In September, Cheryl Hossle’s parents moved into St Faith’s Nursing Home in Cheltenham which is part of the charity Lilian Faithfull Care.
After 62 years of marriage they were able to stay together during, what turned out to be, the last six weeks of her father’s life. Cheryl shares her advice and experience, following many years of navigating through the care system, in case it is useful to others in a similar situation.
Cheryl’s mum Joyce has vascular dementia and her father Derek had been caring for her at home, as Cheryl explains;
“For several years we had home care but it got harder when mum forgot how to walk and became bed bound. It is really hard; the independent one [my dad] will always say that they are ‘fine’ all the time. I never saw my dad lose patience but he was stressed and losing strength. He was so tired all of the time. Home carers only came for half hour visits four times a day and so it was a very long night and day. Mum has an active brain and she didn’t have enough to entertain her, we could see she wasn’t happy and slipping away’’.
“In May mum needed permanent care and dad needed respite.”
Cheryl’s parents moved into a nursing home, however when that home closed to nursing residents, Cheryl started searching again;
“I did investigate 30 homes before we came here. I didn’t visit them all but I did phone calls and drive-by’s and trawled through the CQC reports. I was looking for reliability and solidly good reports and I also looked at the activities they offered. [The home manager] Teresa’s knowledge and chat was hugely influential in helping us to know the best place to move my parents to, her advice was certainly the most useful. We had no complaints about where they were but coming here [St Faith’s] it’s like a palace, it’s out of this world.”
“Very quickly after arriving here Dad said ‘This is my home’ and told us ‘Your mother is looked after and loved’. He told us how all the staff were so kind and thoughtful and that gave us total trust in St Faith’s.”
“The care, activities, standard of cleanliness, furnishings and equipment are amazing. The carers don’t just help with feeding but they are engaging with the residents at the same time. It is how they talk to people – that is excellent here. Even though mum has dementia she is treated with respect. All the little details makes the big picture work.”
“Something people should know is that once [your loved ones] are being cared for, fed properly and sleeping well they can rally quite a bit and that is a really precious piece of time to have with them.”
“Mum is a very happy person here. Looking at her now and all the things she is doing, she has a good quality of life. In the last few months she’s enjoyed watching Scottish dancing, animals visiting and all the music. Mum was a piano teacher and can still read music and tries to play the piano and so the music here is important.”
“Mum is on a puree only diet and here it is all beautifully piped and set out. They make it as normal as possible and they also prepare things like tiramisu which she can still enjoy.”
Cheryl’s father recently passed away. “I am sitting here knowing he had a wonderful time full of gentle care, for the six weeks he was here.”

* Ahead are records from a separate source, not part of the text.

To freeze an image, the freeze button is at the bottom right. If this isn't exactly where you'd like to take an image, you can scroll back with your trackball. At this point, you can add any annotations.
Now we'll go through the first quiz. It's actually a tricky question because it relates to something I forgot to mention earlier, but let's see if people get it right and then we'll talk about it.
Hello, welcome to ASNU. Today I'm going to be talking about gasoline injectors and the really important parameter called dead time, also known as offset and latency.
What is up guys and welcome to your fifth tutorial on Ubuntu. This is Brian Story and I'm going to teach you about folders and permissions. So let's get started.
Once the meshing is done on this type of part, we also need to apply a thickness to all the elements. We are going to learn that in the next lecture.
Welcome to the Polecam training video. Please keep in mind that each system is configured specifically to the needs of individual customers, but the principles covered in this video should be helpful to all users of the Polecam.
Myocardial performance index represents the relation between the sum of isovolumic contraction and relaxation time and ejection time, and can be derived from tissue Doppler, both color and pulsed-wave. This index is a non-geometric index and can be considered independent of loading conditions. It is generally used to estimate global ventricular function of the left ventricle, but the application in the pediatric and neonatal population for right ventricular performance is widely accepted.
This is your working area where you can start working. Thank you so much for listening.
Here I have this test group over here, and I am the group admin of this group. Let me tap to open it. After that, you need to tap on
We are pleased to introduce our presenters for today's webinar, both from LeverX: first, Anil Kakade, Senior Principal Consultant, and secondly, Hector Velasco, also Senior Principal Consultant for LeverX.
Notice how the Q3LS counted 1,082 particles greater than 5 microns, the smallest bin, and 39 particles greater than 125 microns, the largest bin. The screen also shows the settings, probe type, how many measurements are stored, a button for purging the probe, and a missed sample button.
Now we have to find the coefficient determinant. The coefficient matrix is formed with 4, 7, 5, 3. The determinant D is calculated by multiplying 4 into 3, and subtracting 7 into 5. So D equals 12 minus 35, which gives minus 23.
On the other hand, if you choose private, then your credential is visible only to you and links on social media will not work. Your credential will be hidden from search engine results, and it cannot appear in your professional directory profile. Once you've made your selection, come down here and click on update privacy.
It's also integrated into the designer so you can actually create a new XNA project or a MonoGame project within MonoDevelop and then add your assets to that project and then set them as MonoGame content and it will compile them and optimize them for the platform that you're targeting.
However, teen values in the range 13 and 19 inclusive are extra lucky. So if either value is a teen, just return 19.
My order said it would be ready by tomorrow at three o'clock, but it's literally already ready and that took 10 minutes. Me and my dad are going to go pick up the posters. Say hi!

Joyce & Derek had a double room in St Faith’s Fairhaven Suite which specialises in end of life care. “The carers were so brilliant and very gentle with him. I honestly don’t think you could get better care. When the phone call came saying that dad had passed away, the nurse who called me was able to talk me through the next steps and what we needed to do.“
“I don’t think going into care is something to be feared”
“For anyone going through this I would absolutely say, don’t panic. It can be the best way forward for the whole family.”